They don’t build columns like these anymore.

Working at a University

A Bibliophile’s Paradise

My Dad bought me two very old math books at a yard sale more than twenty years ago.

I first saw those two books on top of a small table under the shade of an old tree. Intrigued, I delicately held each book in my hands as I perused through its pages, completely stunned that this knowledge existed decades before my time. One was published in the 1890s and the other from the 1940s. I was hooked.

I realized at that moment that knowledge, unlike diamonds, is forever.

I wanted more. Fortunately, years later, I was able to work for an endowment at a great school that has an incredible library. I would spend many of my lunch hours walking over to the library from my office and check out several books for me to read and study. The subjects varied from history to statistics to literature. It didn’t matter what I read as long as it piqued my interest as I would stroll through the book aisles at a leisurely pace.

When I left the University to work at a VC firm, I felt a sense of loss because I no longer had access to their library. At first, I didn’t know what to do. Though I had access to the public library, the books I found there left me wanting.
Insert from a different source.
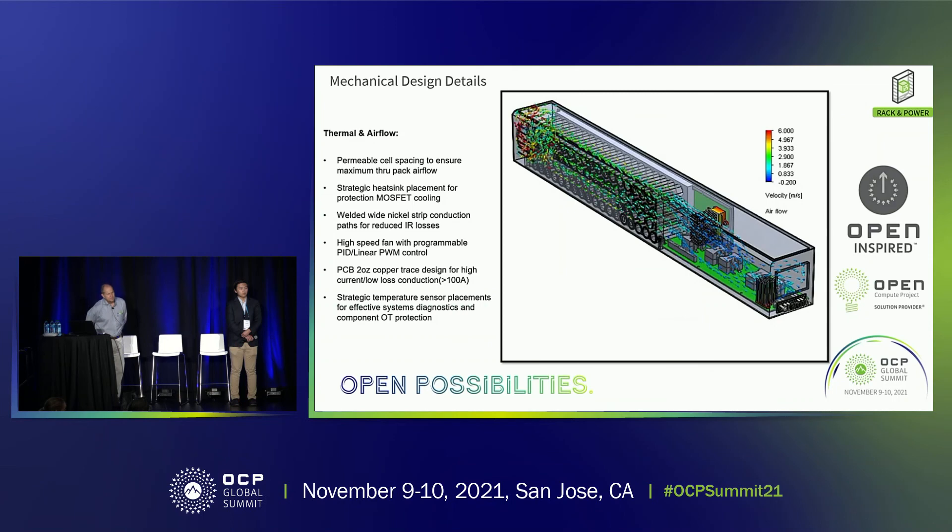Regarding provisions for UL 9540 and 9548 testing: we're not actually going to sell the unit — that's not what Analog Devices does. We're going to provide a reference design. We're working with a battery manufacturer to help us through that process, and we do anticipate meeting those requirements.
But then I discovered a monthly book-sale held by the Friends of the Palo Alto Library. I was ecstatic to find that the type of books they sold for a dollar or less were similar to those at the University library. I finally had the opportunity to build my own library with incredible books.

I now have over a thousand books. But I still long to return to that University library. I may have to go back to that school and get a job as a librarian in order to quench this thirst for knowledge.